Dia desses, recebi um e-mail com uma lista das mais incríveis bibliotecas do planeta: a de Praga, a Real Biblioteca de Dinamarca, a de São Marcos, em Veneza, a da Universidade de Coimbra, o nosso Real Gabinete Português de Leitura, joia arquitetônica do Rio, entre outras. A mensagem incluía fotos muito bonitas e pensei no esforço de tanta gente, por tantos anos, para criá-las e trazê-las aos nossos dias. São instituições, quase todas centenárias, de países que enfrentaram guerras, catástrofes, crises financeiras etc.
Enquanto me deliciava com o conteúdo do e-mail, pensei também nos esforços individuais para formar bibliotecas particulares. Meu pai, por exemplo, dava a vida por sua bela biblioteca de perfil afrancesado – recheada de obras de Balzac, Flaubert, Moliére, e Maupassant -, que ocupava o principal cômodo de nossa casa, em Copacabana. No fim da vida ele a doou ao Colégio Pedro II, onde estudou.
Era um santuário desenhado para ser, de fato, uma biblioteca caseira, com estantes, cadeira e luzes apropriadas à leitura. Todos os que a conheceram ficavam, de alguma forma, impactados. A quantidade e a organização dos livros dentro de um apartamento, era, é e será sempre algo raro e marcante.
Nada, porém, se comparava à catedral erguida, livro a livro, por José Mindlin, o grande bibliófilo brasileiro. Dono da Metal Leve – uma das maiores fábricas de peças para a indústria automobilística -, Mindlin, com apoio de Guita, sua mulher, dedicou a vida a reunir as mais importantes obras já editadas no mundo sobre o Brasil.
Ele mantinha em sua casa, no Brooklin, algo em torno de 40 mil volumes: livros raros sobre a formação do país, escritos por viajantes que aqui aportaram; os primeiros mapas, diários e originais de obras centenárias, ilustradas manualmente sobre fauna e flora, entre tantas outras raridades. Fazem parte do acervo o texto de Grande sertão: veredas, de Guimarães Rosa, datilografado e com correções à mão, além das primeiras descrições do Brasil de André Thevet e Jean de Léry.
Não tive o privilégio de conhecer Mindlin pessoalmente; lia e assistia com interesse suas entrevistas e ouvi de Alberto Dines, mestre de várias gerações de jornalistas, relatos sobre a biblioteca. Os dois eram grandes amigos e Dines frequentava a casa do Brooklin também como pesquisador. Ele se referia ao Mindlin simplesmente como “Zé”.
A vida de José Mindlin girava em torno de sua biblioteca, organizada em quatro grandes segmentos: assuntos brasileiros, literatura, arte e livros como objeto de arte. No início dos anos 2000, já com mais de 80 anos, ele decidiu doá-la à USP, o que seria formalizado só em 2006 – quando foi eleito para a Academia Brasileira de Letras. A burocracia fez de tudo para atrasar o sonho de Mindlin. Doar um bem privado a uma instituição pública no país exige infinita persistência e santa paciência.

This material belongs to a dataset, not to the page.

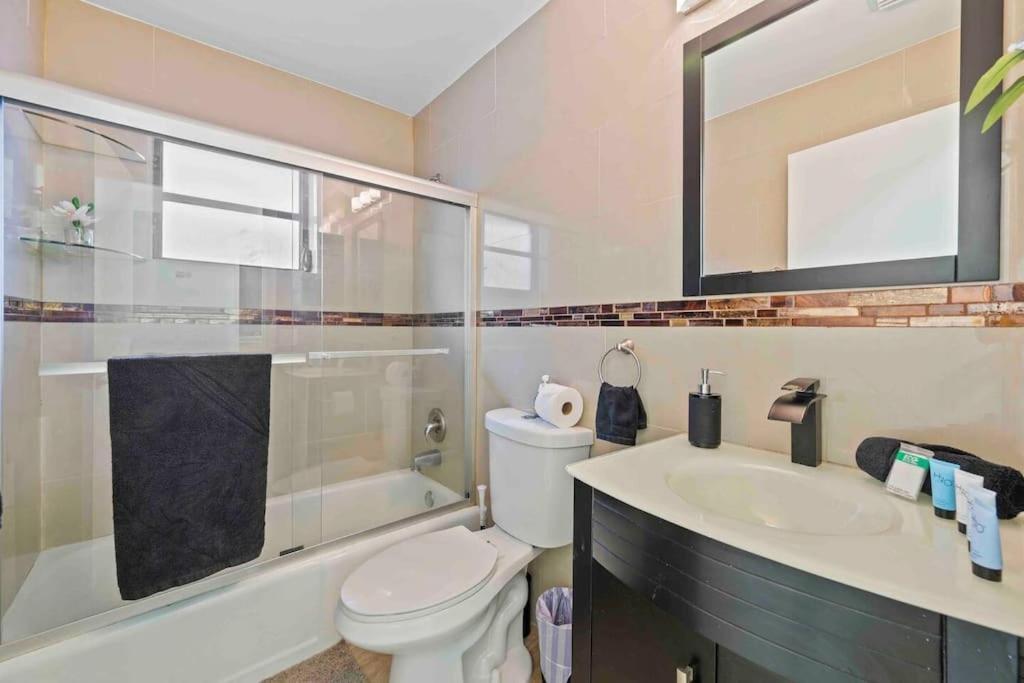 Lakefront Retreat Villa Water View Fishing Casino Fort Lauderdale Eksteriør billede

Não fosse a burocracia, Mindlin teria presenciado a derradeira e mais importante parte de sua obra: a abertura ao público da Biblioteca Brasiliana Guita e José Mindlin, em março de 2013, num prédio especialmente construído pela USP, na Cidade Universitária, para abrigá-la em sua integralidade. Ele faleceu três anos antes da inauguração. Desnecessário dizer que é visita obrigatória para quem gosta de livros, de Brasil, de história, de pesquisa e, sobretudo, de grandes exemplos.
Mindlin poderia fazer o que bem entendesse com sua fortuna – foi um dos homens mais ricos do país – e decidiu, na adolescência, formar uma biblioteca, sonho acalentado com Guita, sua companheira desde a Faculdade de Direito, que morreu em 2006. Aliás, a paixão de Guita pelos livros levou-a a montar um laboratório na casa do Brooklin para recuperar, encadernar, conservar e manter a biblioteca impecável.

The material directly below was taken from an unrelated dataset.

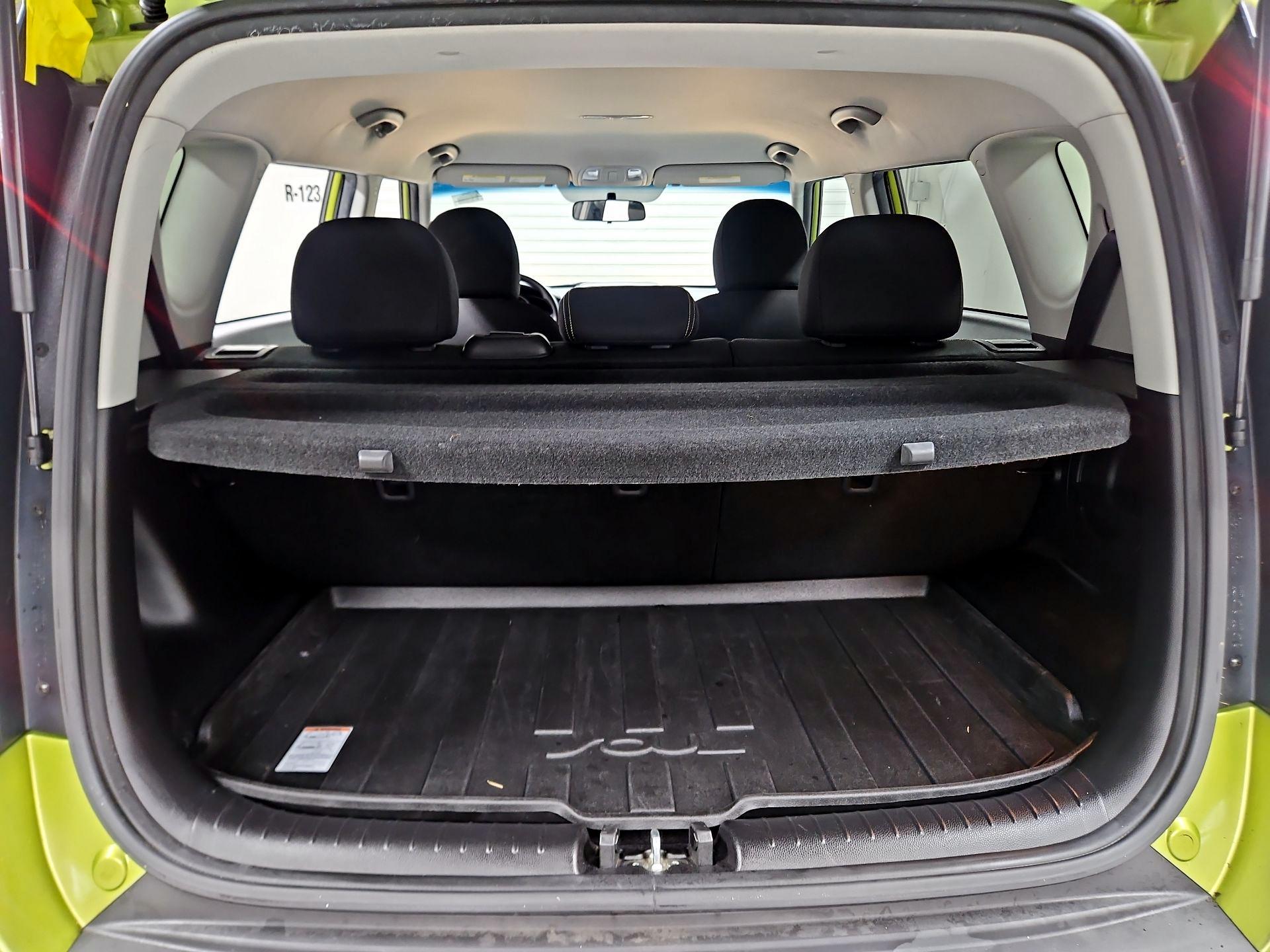 Thumbnail: 2015 Kia Soul - 19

Foram oitenta anos de garimpo, que incluíram um sem número de viagens em busca de raridades, visitas regulares a sebos e contatos com caçadores de preciosidades em várias partes do mundo. O resultado de tamanho esforço é simplesmente espetacular, principalmente num país em que a memória e a cultura recebem pouca atenção. Conhecer a biblioteca dos Mindlin é reverenciar o melhor do esforço humano em favor da sociedade.
“Nunca me considerei o dono desta biblioteca. Eu e Guita éramos os guardiães destes livros, que são um bem público”, disse Mindlin, no ato da doação, justificando o sentido de sua paixão e obra. Embora more no Rio, distante portanto da Biblioteca Mindlin, toda vez que a visito fico em dúvida se é a relevância do acervo ou o belíssimo exemplo do casal o que mais me emociona.
Ao manusear cada obra da Brasiliana dos Mindlin, imagino o trabalho e alegria do colecionador ao encontrá-la, reuni-la e oferecê-la a seus verdadeiros donos: os leitores e pesquisadores interessados na formação do Brasil. Difícil saber o que despertou, em Mindlin, o desejo de fazer da coleção de livros um projeto de vida. Arriscaria dizer que, como meu pai, Mindlin era filho de imigrantes, nasceu em 1916 e se apaixonou tanto pelo país que foi buscar nas fontes originais a história e as histórias do Brasil.
Ele achou muito mais do que buscava: Mindlin declarava ter lido 7 mil dos quase 40 mil títulos de seu acervo. E nisso residia uma questão que tirava seu sono. Para ele, seus livros só faziam sentido juntos: o valor da biblioteca estava no conjunto dos títulos, e não em volumes ou coleções isoladas. Nesse sentido, a doação à USP representava a eliminação do risco de desmembramento do acervo.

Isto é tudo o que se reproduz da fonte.